Al día siguiente, llegaron los resultados de las pruebas de Frieda, que indicaban que su estado era estable y apto para la cirugía.
Yelena sabía que sin la medicina especial que le había proporcionado, Frieda podría no estar en condiciones tan favorables.
Yelena había retrasado la sugerencia de la cirugía hasta ahora porque Frieda necesitaba tiempo para recuperar fuerzas y poder soportar la operación.
A la entrada del quirófano, la hija de Frieda se aferró a la mano de su madre. «Mamá, te quiero. Siempre te querré», dijo con voz entrecortada por la emoción. Su corazón latía con fuerza por el miedo a que ese fuera su último momento juntas. Frieda era su única familia, la única persona que la quería de verdad. Y necesitaba decirle a su madre lo mucho que la quería.

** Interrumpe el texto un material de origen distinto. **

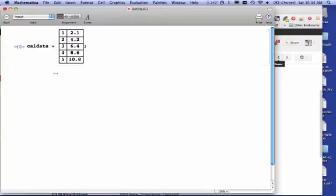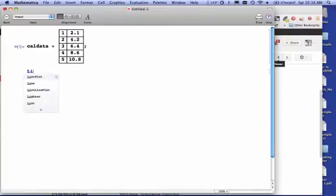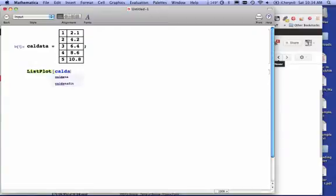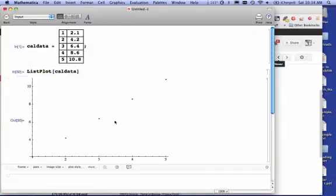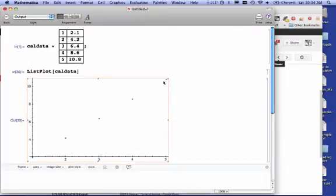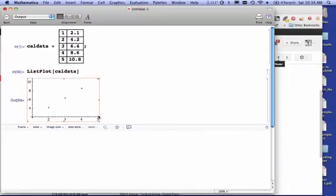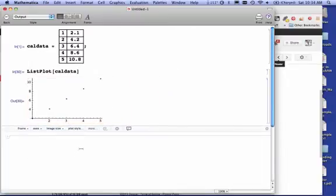So the first thing I want to do here is I want to plot this data to make sure that it is indeed linear, so I'm going to do a quick plot. I notice that it is linear. So I can now go ahead with the next step.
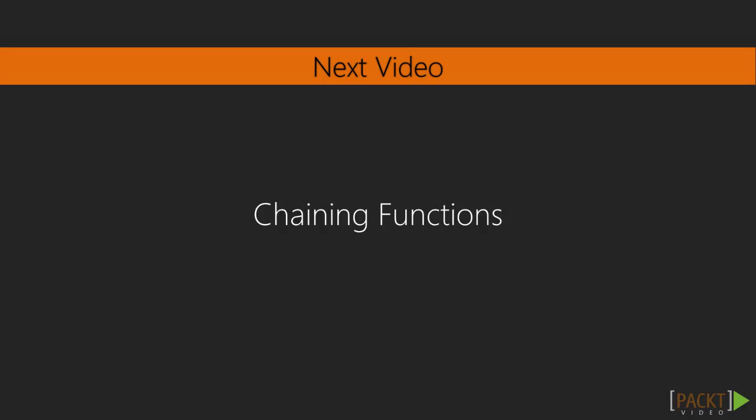In our next video, we'll use Lodash chain functions to make easy to maintain programs.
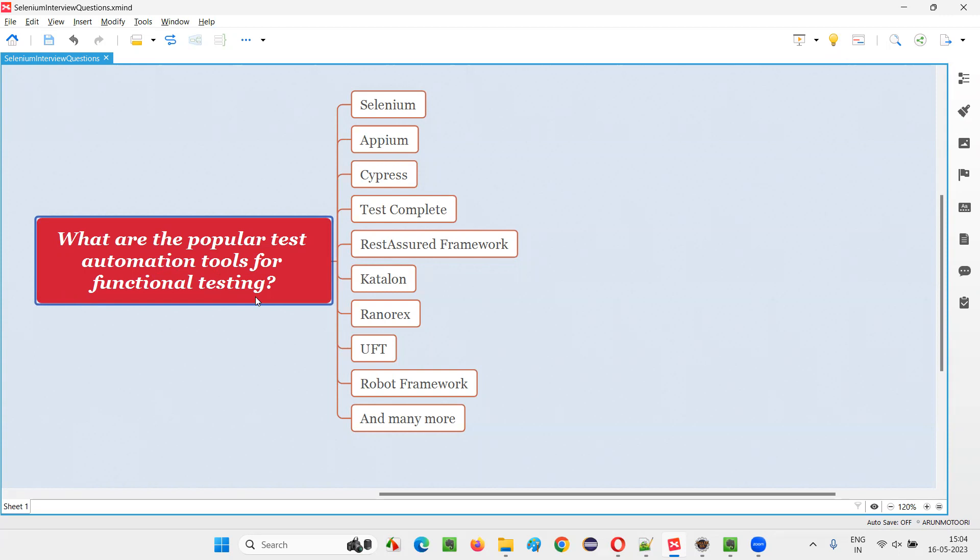Let me answer. There are several popular test automation tools for automating functional testing. First is Selenium, which is number one in the market for automating web applications.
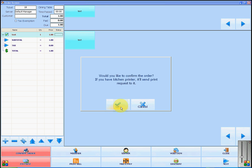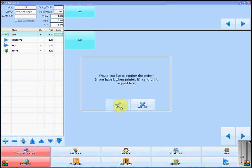And click ok. To add the discount to the ticket, you will either select the items or the entire ticket. If no item has been selected, the discount will be applied to the entire ticket. In this case, there is only one item, so we will leave it selected. To add the discount, we will click discount in the bottom right.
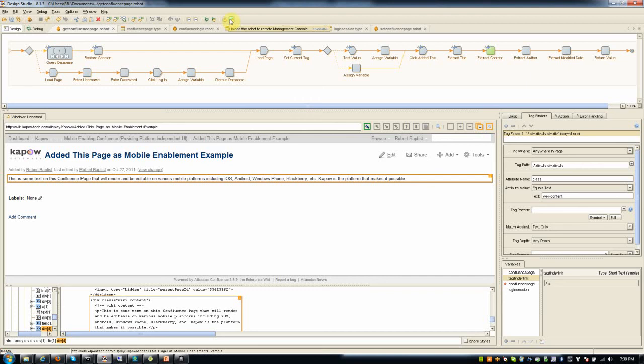You can publish these with one button and then these robots can essentially be run as functions in Java, functions in .NET, or as REST services themselves. So this is how you can service-enable functionality on a site like Confluence. I created three such robots or three such services in this demonstration.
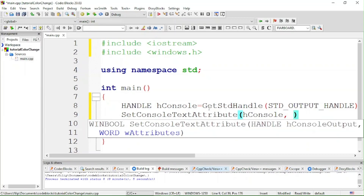There are 255 color codes, but I usually just work with the first 15, because after the 15th color they also change the background. I only want the text color to change, so I use only the first 15. The ones after 15 change the background of the text as well. If you're interested in changing the background too, you can experiment. I'll also leave a link in the description with every color code.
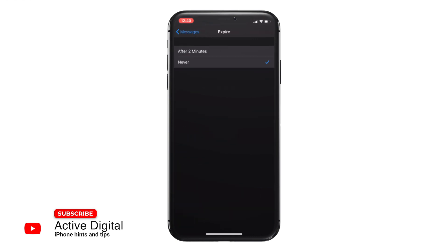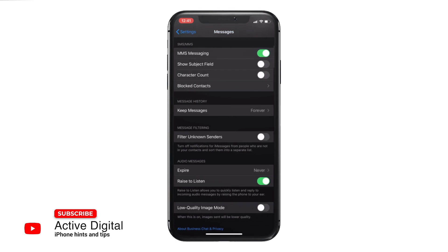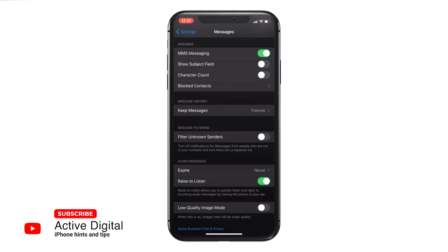If you go in there, you can either set it so they expire after two minutes, meaning you won't be able to listen to them again, or you can set it to never, which means those audio messages stay within that text message so you can refer back to them. You will also see the option to raise to listen, which means you literally have to lift the phone to your ear to listen and reply to that message, but you can easily switch it on or off just at the bottom there.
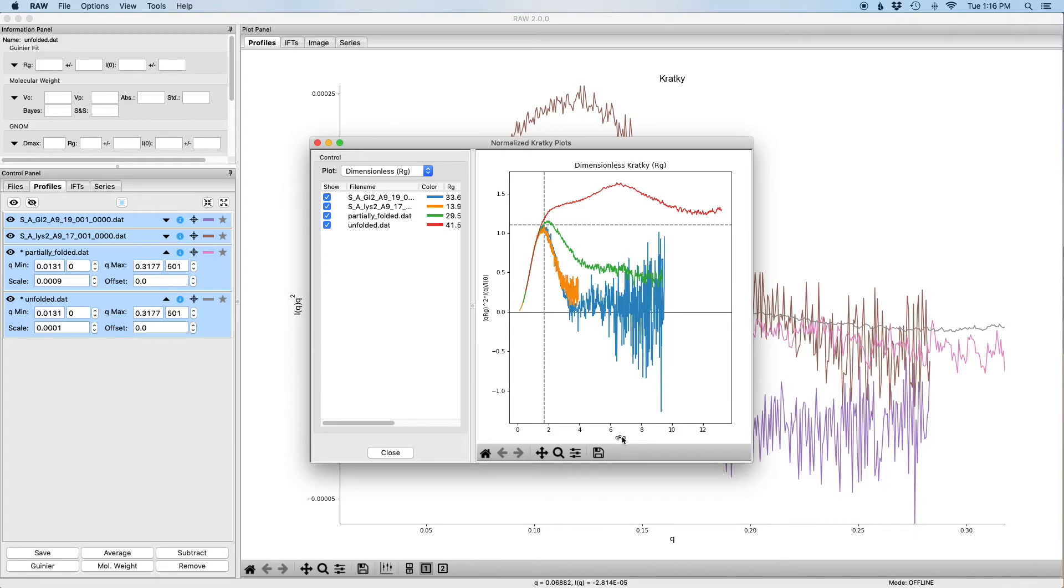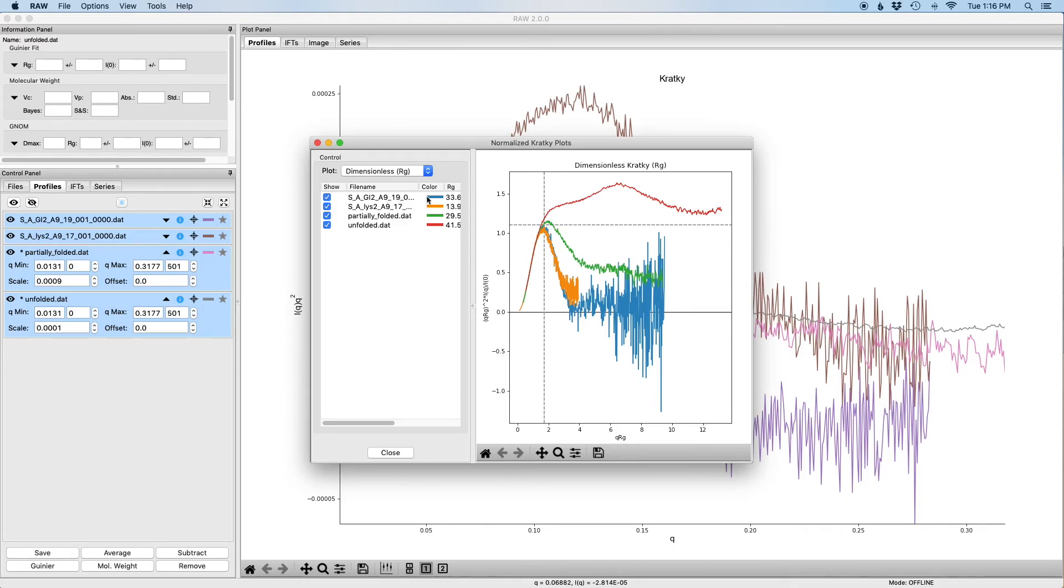This essentially removes the scale factors that come from the size, the molecular weight and the concentration of the sample. In this case, you can now see that for glucose isomerase and lysozyme, which are the blue and the orange, they're showing us essentially the same shape, which is what we'd expect because they're both very globular and we've removed the effects of the size.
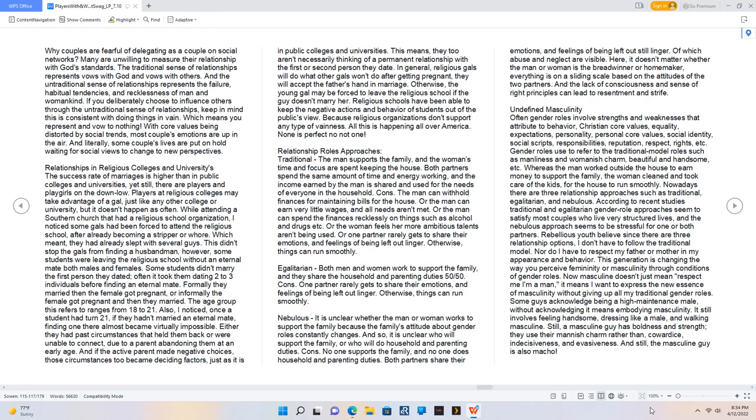This didn't stop the gals from finding a husbandman. However, some students were leaving the religious school without an eternal mate, both males and females. Some students didn't marry the first person they dated, often it took them dating two to three individuals before finding an eternal mate. Formally they married then the female got pregnant, or informally the female got pregnant and then they married. The age group this refers to ranges from 18 to 21.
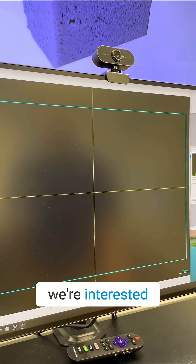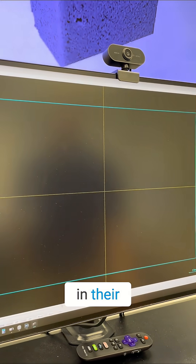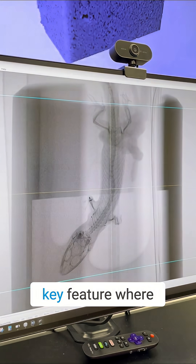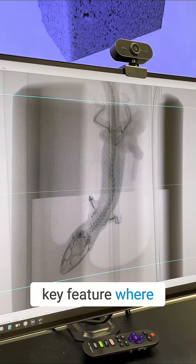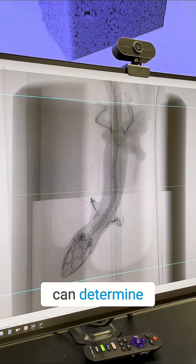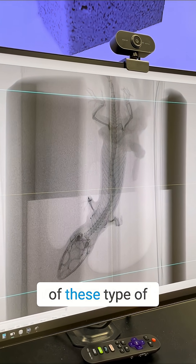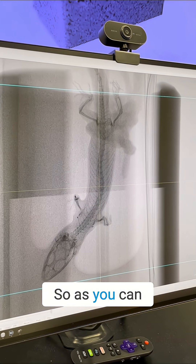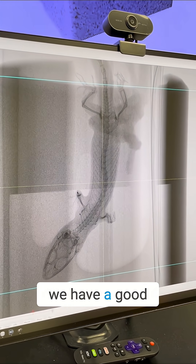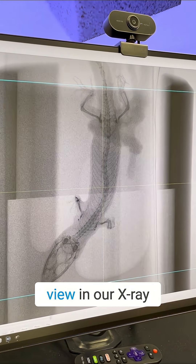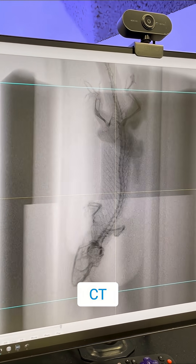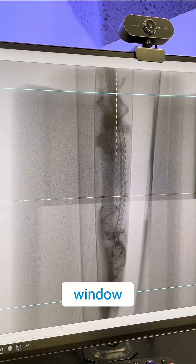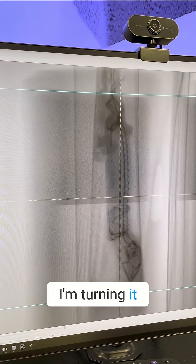We're interested in their bone structure because it is a key feature where you can determine the species of these types of geckos. As you can see here, we have a good view in our X-ray CT viewing window — you can see I'm turning it around.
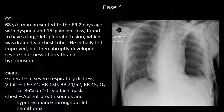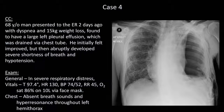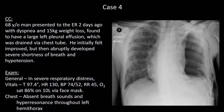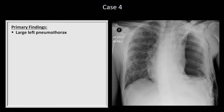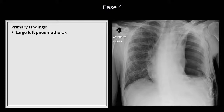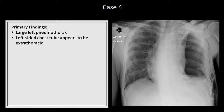Case 4. A 68-year-old man presented to the ER two days ago with dyspnea and weight loss, found to have a large left pleural effusion which was drained via a chest tube. He initially felt improved, but then abruptly developed severe shortness of breath and hypotension. Starting on the patient's left, we can see that where the left lung is supposed to be it is completely devoid of lung markings, thus a large pneumothorax. This appears to be related to some technical problem with the chest tube, which is coiled up at the bottom of the film and appears to be extrathoracic — it looks like it just fell out.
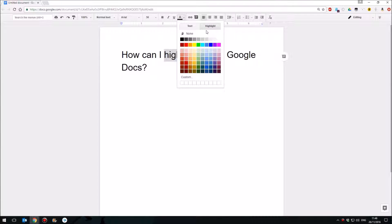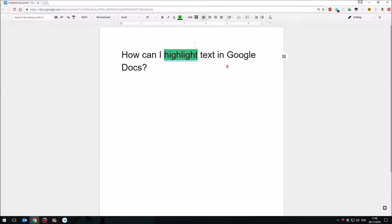If you click the highlight color button on the right hand side you can choose any color that you want to highlight your text and there you are. It's as simple as that.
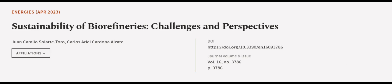This article was authored by Juan Camilo Solartoro and Carlos Ariel Cardona Alzate.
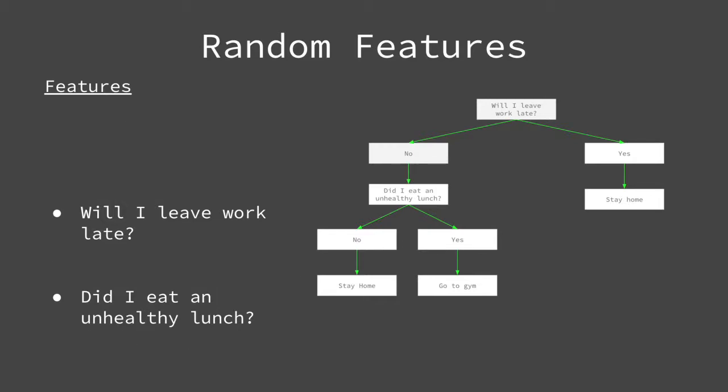In this tree, you can see only two features were included. The first being will I leave work late, and the second, did I eat an unhealthy lunch?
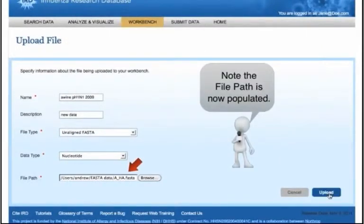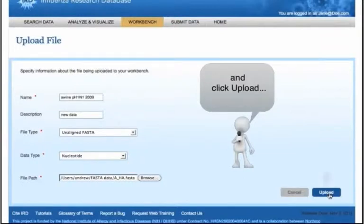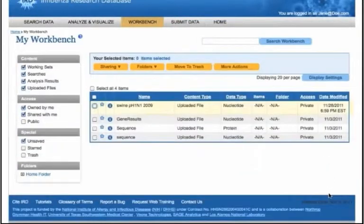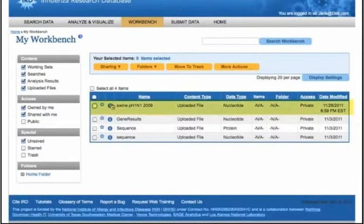Finally, click the Upload button on the browser to complete the process. The uploaded file is now listed in the Workbench table.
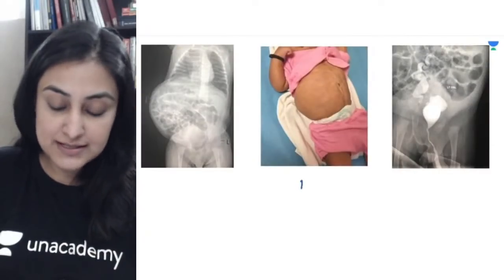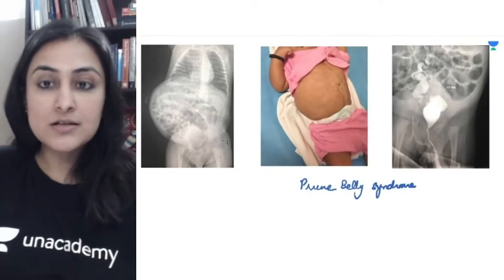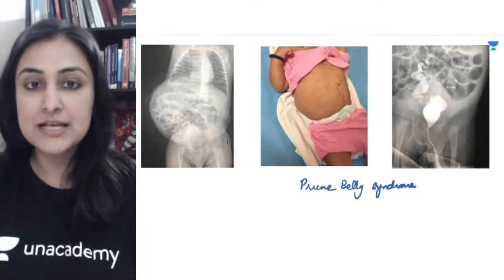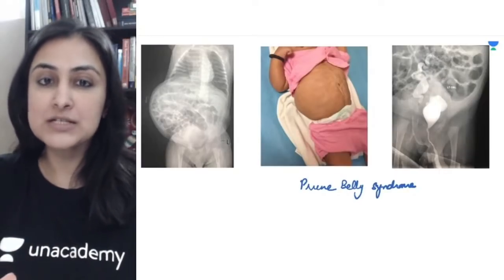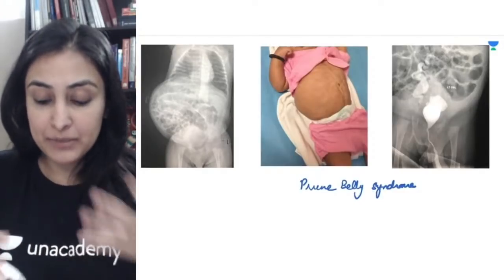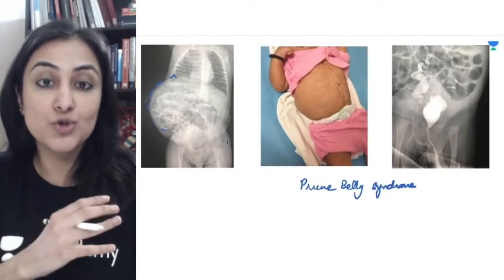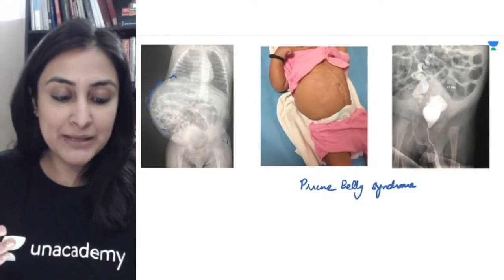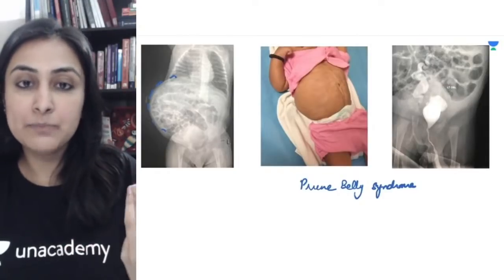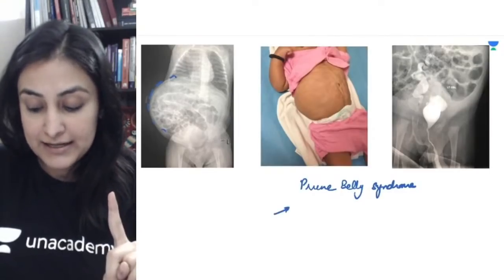This is indeed prune belly syndrome — a very expected image cluster. As the name suggests, there is deficiency of the abdominal muscles. The anterior abdominal wall muscles are deficient, giving this prune-like appearance. On the x-ray, because the muscles are deficient, all the bowel loops are protruding from this weakened skin of the baby.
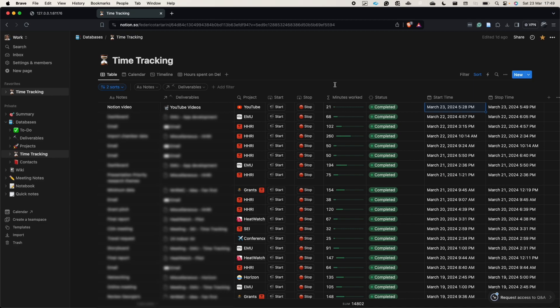I think this is super simple and super effective because it allows you to track your actions very simply inside Notion. You just have to press the start and stop buttons, write a short note about the action, and link it to a deliverable and a project. The thing I love is that it's also super simple to edit the time retrospectively if you want to update that information.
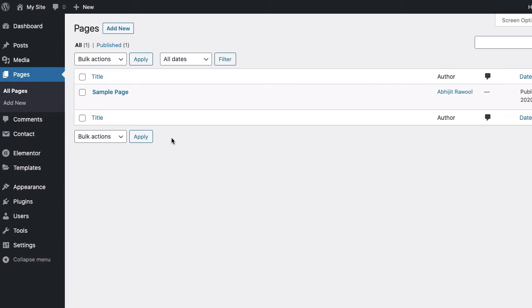First, install and activate the Elementor and PowerPack add-ons for Elementor plugins. You will find the links to these plugins below this video.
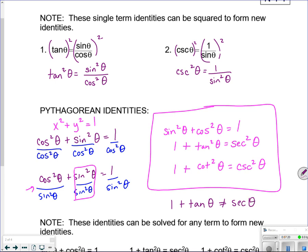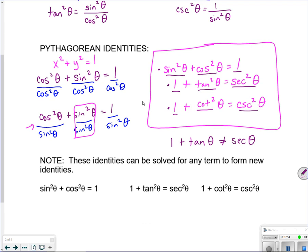There are little phrases to help you memorize these. 'Sin costs a dollar' — sine squared plus cosine squared equals 1. 'I tan in a second' — 1 plus tangent squared equals secant squared. 'I cut crescent rolls' — 1 plus cotangent squared equals cosecant squared. You have to get those three in your head.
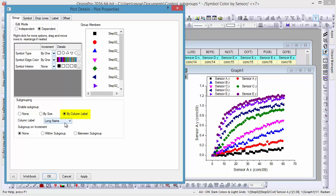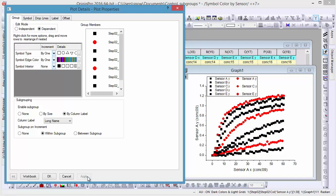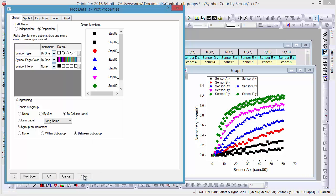If you choose within subgroup, symbol colors and types will increment within a subgroup. If you choose between subgroups, symbol colors and types will be the same within one group.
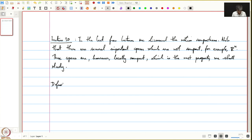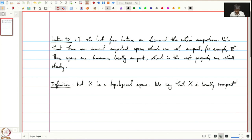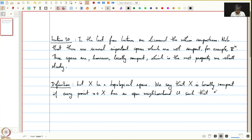Let us define local compactness. Let x be a topological space. We say that x is locally compact if every point x in x has an open neighbourhood u such that the closure of u is compact.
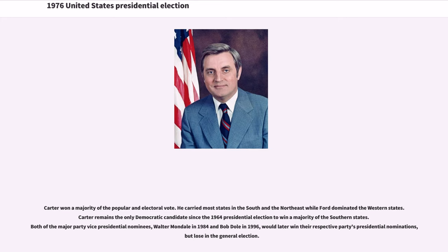Carter remains the only Democratic candidate since the 1964 presidential election to win a majority of the Southern states. Both of the major party vice presidential nominees — Walter Mondale in 1984 and Bob Dole in 1996 — would later win their respective parties' presidential nominations, but lose in the general election.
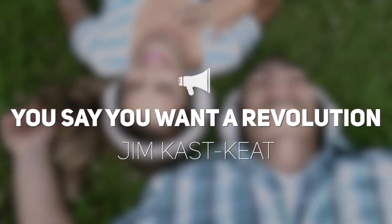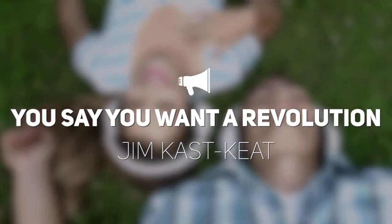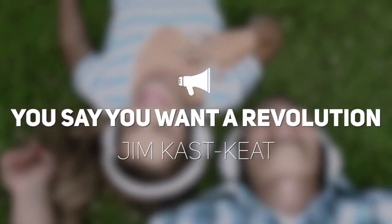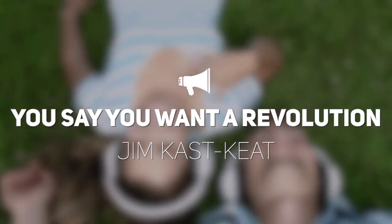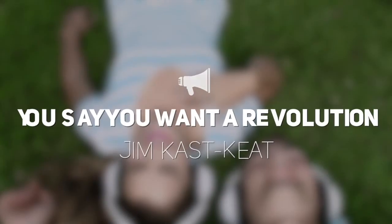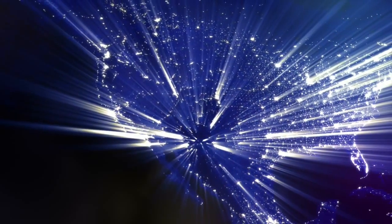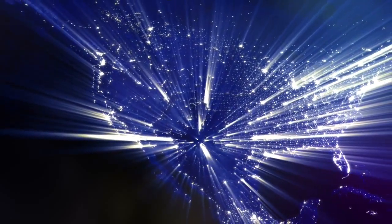Fifty years ago, a generation cried out, saying that they want a revolution. Well, you know, we all want to change the world. And yes, some things have changed.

Frieda apretó ligeramente la mano de su hija. «No tengas miedo, cariño. Mamá tiene suerte y seguro que se pondrá bien».
Su hija apretó los labios y asintió con los ojos llenos de lágrimas. Con el corazón encogido, vio cómo llevaban a su madre al quirófano.
La operación comenzó sin complicaciones. Yelena, con calma y experiencia, realizó la craneotomía, localizó el tumor y lo extirpó.
Justo cuando parecía que todo estaba bajo control, la situación dio un giro inesperado. La presión arterial de Frieda se desplomó, su ritmo cardíaco se redujo drásticamente y los monitores comenzaron a sonar con alarmas urgentes.
A pesar de que Yelena había realizado una extirpación casi perfecta del tumor, que incluso sus colegas dudaban que pudiera haber extirpado todas las áreas enfermas con tanta precisión, el director del hospital y los demás médicos que se encontraban en la sala de observación estaban profundamente preocupados. Dada la complejidad de la paciente y la baja tasa de éxito inherente a la operación, inicialmente pensaron que la estimación del treinta por ciento de posibilidades de supervivencia de Yelena era demasiado optimista, quizá incluso una forma amable de tranquilizar a la familia de la paciente.
Por lo tanto, cuando el estado de la paciente se deterioró, no fue del todo inesperado. Sin embargo, una muerte en la mesa de operaciones sin duda devastaría a Yelena.
Contrariamente a las expectativas de que pudiera entrar en pánico, Yelena mantuvo la compostura. Con expresión concentrada, dijo: «Debe haber un punto de hemorragia. Reinicien la circulación extracorpórea».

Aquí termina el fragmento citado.